» Work order
How many lines of these entries include the string "Prevent"? State the number alone.

» Input data
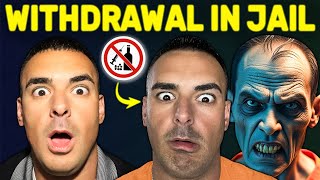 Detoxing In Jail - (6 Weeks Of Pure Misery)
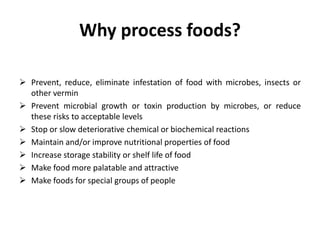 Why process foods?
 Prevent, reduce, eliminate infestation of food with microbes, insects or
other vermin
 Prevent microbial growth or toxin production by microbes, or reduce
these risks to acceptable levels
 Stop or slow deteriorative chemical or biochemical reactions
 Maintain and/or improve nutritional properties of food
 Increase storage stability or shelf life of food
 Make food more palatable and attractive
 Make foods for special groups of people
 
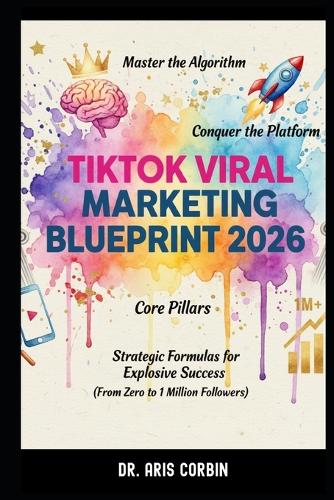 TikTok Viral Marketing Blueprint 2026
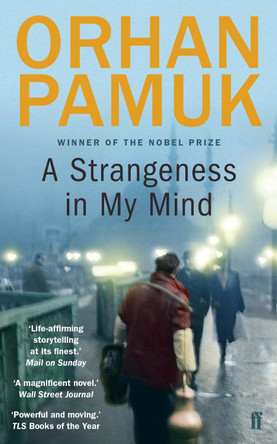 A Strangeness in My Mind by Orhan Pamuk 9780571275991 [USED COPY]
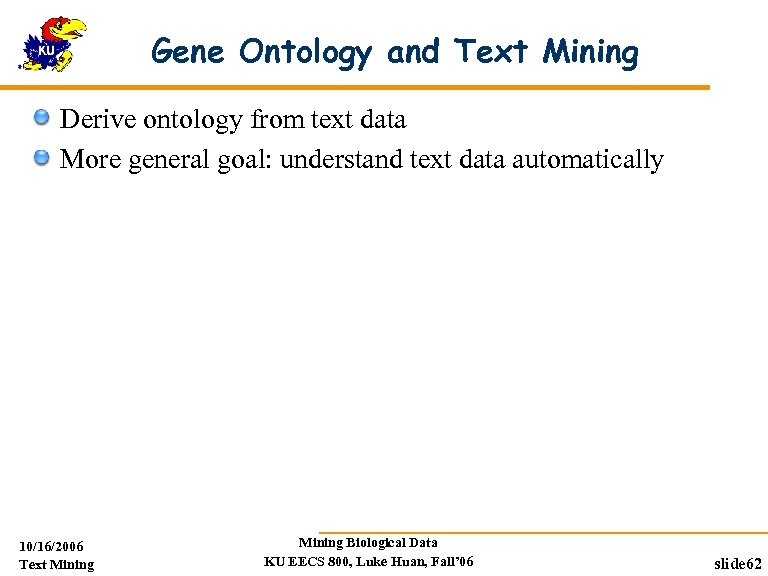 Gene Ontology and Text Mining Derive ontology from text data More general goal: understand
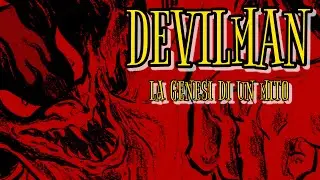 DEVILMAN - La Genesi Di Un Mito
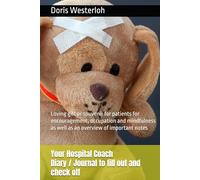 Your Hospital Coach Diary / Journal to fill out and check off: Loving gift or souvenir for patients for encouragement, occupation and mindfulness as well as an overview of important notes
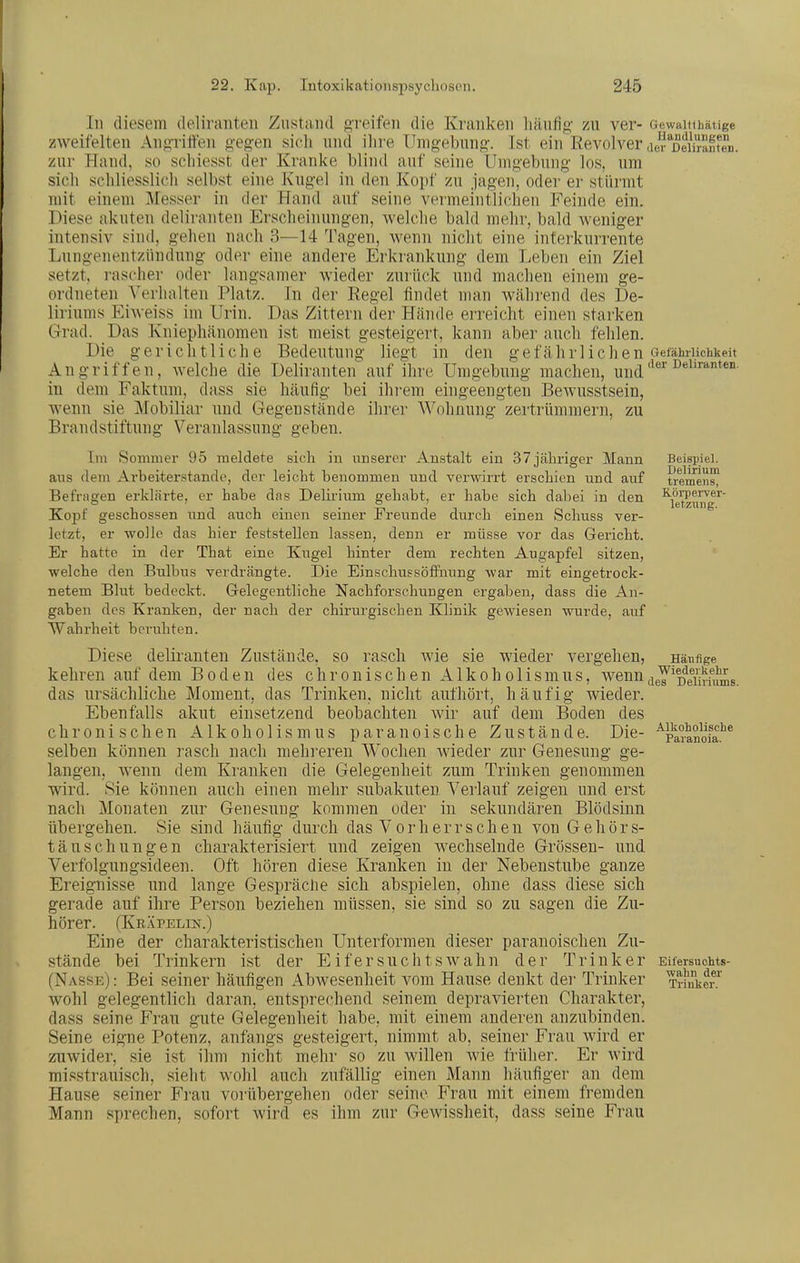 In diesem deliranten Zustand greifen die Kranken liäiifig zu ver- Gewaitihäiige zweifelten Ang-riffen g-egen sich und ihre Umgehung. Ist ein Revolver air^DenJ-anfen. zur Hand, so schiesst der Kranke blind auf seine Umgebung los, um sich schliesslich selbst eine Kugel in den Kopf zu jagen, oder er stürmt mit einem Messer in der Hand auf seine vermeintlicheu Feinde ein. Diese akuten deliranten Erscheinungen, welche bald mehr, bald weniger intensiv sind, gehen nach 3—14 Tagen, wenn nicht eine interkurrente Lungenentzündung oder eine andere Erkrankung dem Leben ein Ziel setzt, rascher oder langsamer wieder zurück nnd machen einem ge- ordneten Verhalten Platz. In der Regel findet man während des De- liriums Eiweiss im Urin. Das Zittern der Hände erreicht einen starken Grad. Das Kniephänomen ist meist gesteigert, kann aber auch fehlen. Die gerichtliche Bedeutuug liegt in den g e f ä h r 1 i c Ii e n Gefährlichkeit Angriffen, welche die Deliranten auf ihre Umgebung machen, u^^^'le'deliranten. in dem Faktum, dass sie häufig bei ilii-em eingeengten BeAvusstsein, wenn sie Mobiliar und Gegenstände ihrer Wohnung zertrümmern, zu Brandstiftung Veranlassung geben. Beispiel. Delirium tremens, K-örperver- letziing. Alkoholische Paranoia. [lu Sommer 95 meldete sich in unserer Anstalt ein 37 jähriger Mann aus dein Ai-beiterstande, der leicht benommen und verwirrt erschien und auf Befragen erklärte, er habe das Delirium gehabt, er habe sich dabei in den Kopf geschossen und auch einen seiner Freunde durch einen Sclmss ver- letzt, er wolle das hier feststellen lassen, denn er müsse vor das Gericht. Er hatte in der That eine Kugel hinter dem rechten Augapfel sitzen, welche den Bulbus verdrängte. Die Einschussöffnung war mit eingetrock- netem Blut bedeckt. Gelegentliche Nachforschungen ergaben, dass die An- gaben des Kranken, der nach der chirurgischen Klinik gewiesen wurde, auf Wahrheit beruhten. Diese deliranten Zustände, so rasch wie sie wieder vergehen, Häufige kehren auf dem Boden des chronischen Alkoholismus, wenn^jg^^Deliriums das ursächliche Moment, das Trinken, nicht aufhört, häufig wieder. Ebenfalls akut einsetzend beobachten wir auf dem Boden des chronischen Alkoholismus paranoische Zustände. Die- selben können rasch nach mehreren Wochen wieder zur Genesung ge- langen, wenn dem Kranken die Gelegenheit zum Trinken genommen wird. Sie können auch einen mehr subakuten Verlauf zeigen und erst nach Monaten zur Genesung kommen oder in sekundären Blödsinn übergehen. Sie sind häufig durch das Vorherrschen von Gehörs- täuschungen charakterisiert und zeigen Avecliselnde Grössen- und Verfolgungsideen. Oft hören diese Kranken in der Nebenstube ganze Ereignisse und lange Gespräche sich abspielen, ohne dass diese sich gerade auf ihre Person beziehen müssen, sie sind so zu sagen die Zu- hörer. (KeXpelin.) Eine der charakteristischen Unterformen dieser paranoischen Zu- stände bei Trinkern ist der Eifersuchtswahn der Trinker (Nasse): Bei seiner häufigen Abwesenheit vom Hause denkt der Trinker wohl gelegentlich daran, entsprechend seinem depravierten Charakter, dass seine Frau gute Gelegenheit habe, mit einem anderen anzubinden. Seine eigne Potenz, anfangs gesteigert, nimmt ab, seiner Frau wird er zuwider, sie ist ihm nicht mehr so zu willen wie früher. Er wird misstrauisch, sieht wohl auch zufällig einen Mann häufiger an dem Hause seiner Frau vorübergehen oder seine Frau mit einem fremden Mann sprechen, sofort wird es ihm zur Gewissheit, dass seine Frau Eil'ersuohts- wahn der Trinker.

» Task solution
2